Figure 5.

Either SHP-1 or SHP-2 Suffices for PD-1 Coinhibition in Jurkat T Cells

(A) Immunoblot analysis of equal amounts of proteins from total lysates of representative clones of WT Jurkat, Jurkat-PD-1, Jurkat-PD-1^OST, Jurkat-PD-1^OST SHP-1^–, Jurkat-PD-1^OST SHP-2^–, and Jurkat-PD-1^OST SHP-1^–SHP-2^– cells probed with antibodies to SHP-1, SHP-2, or VAV1 (loading control). Left margin, molecular size in kilodaltons. Data are representative of two independent experiments.

(B) Jurkat-PD-1^OST, Jurkat-PD-1^OST SHP-1^–, Jurkat-PD-1^OST SHP-2^–, and Jurkat-PD-1^OST SHP-1^– SHP-2^– cells were analyzed using flow cytometry for expression of CD3, CD28, PD-1, PD-L1, PD-L2, BTLA, and HVEM. Gray shaded curves correspond to isotype-matched control antibody (negative control), and data are representative of two independent experiments.

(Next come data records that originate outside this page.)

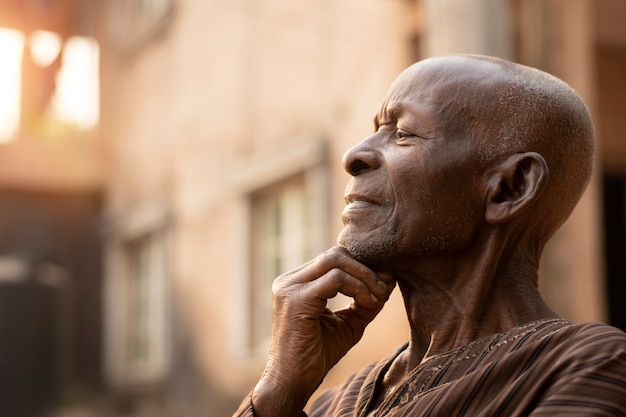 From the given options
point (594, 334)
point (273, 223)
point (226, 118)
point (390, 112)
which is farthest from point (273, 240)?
point (594, 334)

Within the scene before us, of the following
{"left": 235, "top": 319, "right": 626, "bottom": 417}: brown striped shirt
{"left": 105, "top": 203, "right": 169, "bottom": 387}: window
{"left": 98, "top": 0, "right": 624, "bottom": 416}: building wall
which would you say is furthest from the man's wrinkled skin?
{"left": 105, "top": 203, "right": 169, "bottom": 387}: window

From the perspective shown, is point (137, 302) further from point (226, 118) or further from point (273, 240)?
point (273, 240)

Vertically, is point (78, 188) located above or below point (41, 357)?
above

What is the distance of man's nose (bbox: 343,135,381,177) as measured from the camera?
229 centimetres

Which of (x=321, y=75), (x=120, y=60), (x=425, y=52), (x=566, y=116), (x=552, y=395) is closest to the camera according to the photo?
(x=552, y=395)

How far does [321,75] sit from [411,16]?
141 cm

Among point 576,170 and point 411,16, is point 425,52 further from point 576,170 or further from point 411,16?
point 576,170

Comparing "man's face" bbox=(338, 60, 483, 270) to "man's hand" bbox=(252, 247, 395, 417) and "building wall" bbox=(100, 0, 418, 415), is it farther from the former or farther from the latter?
"building wall" bbox=(100, 0, 418, 415)

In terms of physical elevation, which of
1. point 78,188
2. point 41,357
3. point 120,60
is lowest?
point 41,357

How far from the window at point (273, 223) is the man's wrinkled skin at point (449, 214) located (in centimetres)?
536

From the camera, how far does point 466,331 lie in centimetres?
223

(C) IL-2 production by Jurkat-PD-1^OST, Jurkat-PD-1^OST SHP-1^–, Jurkat-PD-1^OST SHP-2^–, and Jurkat-PD-1^OST SHP-1^–SHP-2^– clones stimulated with Raji cells or Raji-PD-L1 cells in the presence of 1 ng/mL SEE. Analysis of IL-2 production was performed 24 h after stimulation. Expression of IL-2 (ng/mL) using boxplot with the median, boxed interquartile range, and whiskers extending to the most extreme point up to 1.5 times the interquartile range. Each dot corresponds to a clone of the specified Jurkat cells. ^∗p ≤ 0.05, ^∗∗p ≤ 0.01, ^∗∗∗p ≤ 0.001, and ^∗∗∗∗p ≤ 0.0001; ns, non-significant (unpaired Student’s t test). Data are representative of two independent experiments.